Owner Responsibilities#
At the end of a major incident call, or very shortly after, the Incident Commander selects one responder to own the postmortem. The selected owner will be notified directly by the Incident Commander. Writing the postmortem will ultimately be a collaborative effort, but selecting a single owner will help ensure it gets done.
The owner of a postmortem is responsible for the following:
- Scheduling the postmortem meeting on the shared calendar and inviting the relevant people (this should be scheduled within 3 calendar days for a Sev-1 and 5 business days for a Sev-2).
- Investigating the incident, pulling in whoever is needed from other teams to assist in the investigation.
- Ensuring the page is updated with all of the necessary content. See our Template for what should be included.
- Creating follow-up tickets. (The owner is only responsible for creating the tickets, not following them up to resolution).
- Reviewing the postmortem content with appropriate parties before the meeting, and running through the topics at the postmortem meeting (the Incident Commander will "run" the meeting and keep the discussion on track, but you will likely be doing most of the talking).
- Communicating the results of the postmortem internally.
The owner of a postmortem creates the postmortem document and updates it with all relevant information.
Administration#
- Create the document.
- Add all responders to it.
- Schedule the meeting.
If not already done by the Incident Commander, the postmortem owner's first step is to create a new, empty postmortem for the Incident. Go through the history in Slack to identify the responders and add them to the page so they can help populate the postmortem. Include the Incident Commander and Scribe as well. Add a link to the incident call recording.
Next, schedule the postmortem meeting for 30 minutes to an hour, depending on complexity of the incident. Scheduling the meeting at the beginning of the process helps ensure the postmortem is completed within the SLA. The meeting should be scheduled within 3 calendar days for a Sev-1 and 5 business days for a Sev-2. Don't worry about finding the best time for all attendees. The priority is to schedule within this timeframe and attendees should adjust their schedules accordingly. At PagerDuty, we schedule all postmortem meetings on a shared "Incident Postmortem Meetings" calendar so they are easily discoverable for any interested parties across the organization.

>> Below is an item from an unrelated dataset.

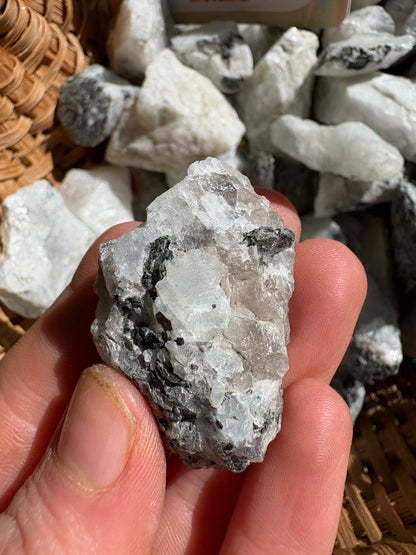 Moonstone Crystal – Intuition, New Beginnings & Lunar Energy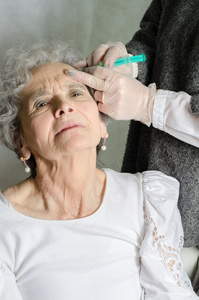 老妇人正在肉毒杆菌毒素注射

Invite the following people to the postmortem meeting:
- Always
- The incident commander.
- The incident commander shadowee (if there was one).
- Service owners involved in the incident.
- Key engineer(s)/responders involved in the incident.
- Engineering manager for impacted systems.
- Product manager for impacted systems.
- Optional
- Customer liaison (only for Sev-1 incidents).
PagerDuty postmortems have a "Status" field that indicates where in our process the postmortem currently is. Here's a description of the values and how we use them.
Status | Description |
---|---|
Draft | Indicates that the content of the postmortem is still being worked on. |
In Review | The content of the postmortem has been completed, and is ready to be reviewed during the postmortem meeting. |
Reviewed | The meeting is over and the content has been reviewed and agreed upon. If there is an "External Message", the Customer Support team will take the message and update our status page as appropriate. |
Closed | No further actions are needed on the postmortem (outstanding issues are tracked in JIRA). If no "External Message", you can skip straight to this once the meeting is over. If there's an "External Message", then the Support team will update it to this status once the message is posted. |
Create a Timeline#
Begin by focusing on the timeline. Document the facts of what happened during the incident. Avoid evaluating what should or should not have been done and coming to conclusions about what caused the incident. Presenting only the facts here will help avoid blame and supports a deeper analysis. Note the incident may have started before responders became aware of it and began the response effort. The timeline includes important changes in status/impact and key actions taken by responders. To avoid hindsight bias, start your timeline at a point before the incident and work your way forward instead of backwards from resolution.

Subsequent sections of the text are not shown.